HPC 101 - Parallelization

Introduction

New users are often confronted by a bevy of hardware specifications when first introduced to an HPC. However, an often overlooked component which determines the actual performance increase observed on HPC infrastructures is how well the intended software to be used is optimized to take advantage of multiple nodes, threads and special accelerators. This is in essence the concept of parallelization.

For example, if you take a piece of software that was created in the 1980s, when most CPUs were single processing units, and run it on a billion-core HPC infrastructure, you will only see one core being utilized (it will probably still run faster because the performance of a modern CPU core is magnitudes above that of a processing core of a CPU in the 1980s).

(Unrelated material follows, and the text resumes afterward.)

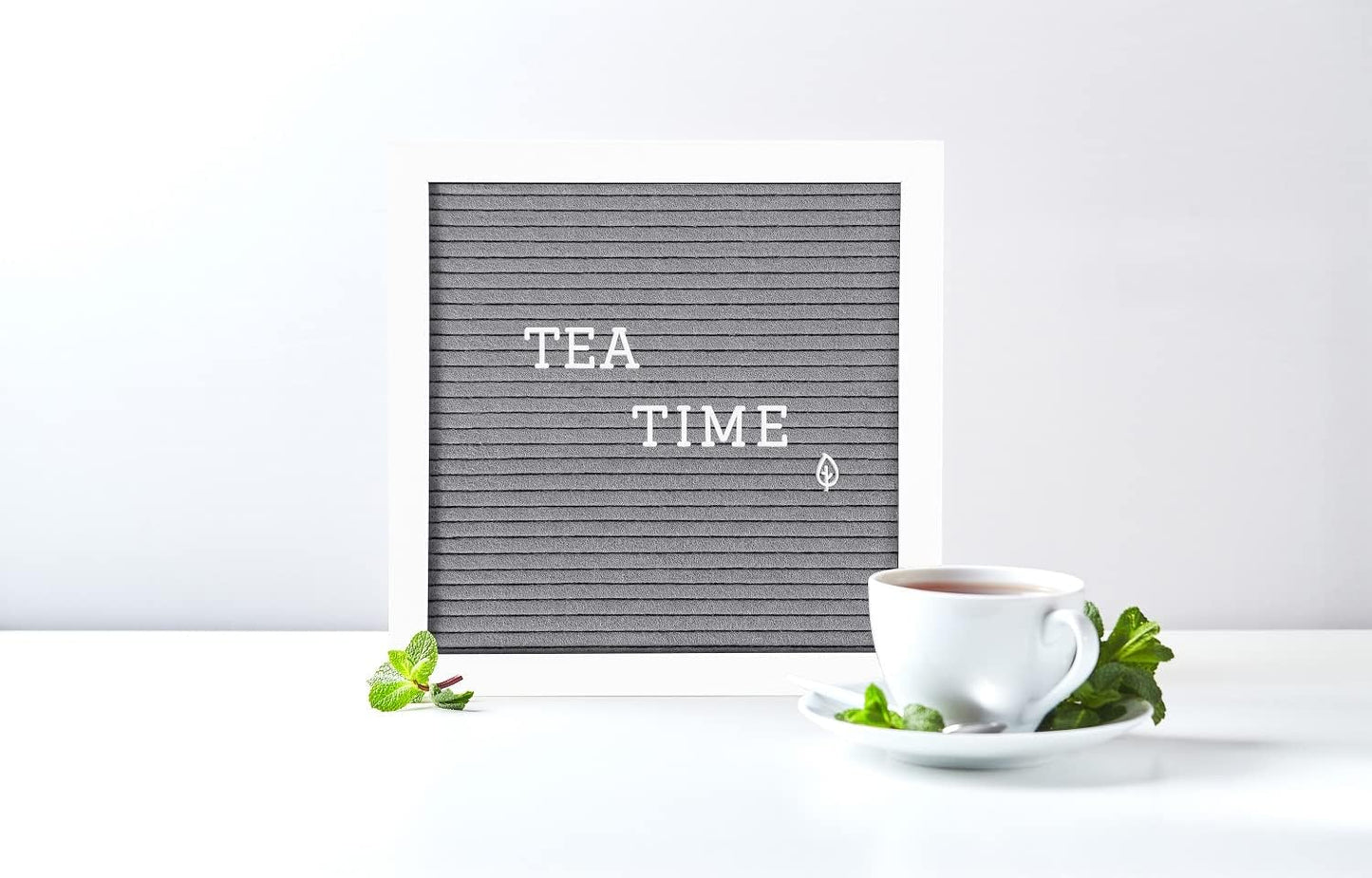 Skiennix Letter Board Sign - White Frame 10x10 Felt Board for Baby Announcements | Includes Typewriter Letters & Canvas Bag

Software frameworks for parallelization

Parallelization schemes come in many shapes and sizes, however, most parallelized applications make use of common software frameworks to distribute workloads on an HPC. The MPI (Message Passing Interface) framework is generally used distribute workloads across nodes and OpenMP framework is often used to distribute workloads across multiple cores (threads). To accelerate workloads on and across GPUs, the CUDA framework provided by NVIDIA is commonly used. These frameworks can and is often used in combination, as in the case of the biomolecular simulation software suite GROMACS.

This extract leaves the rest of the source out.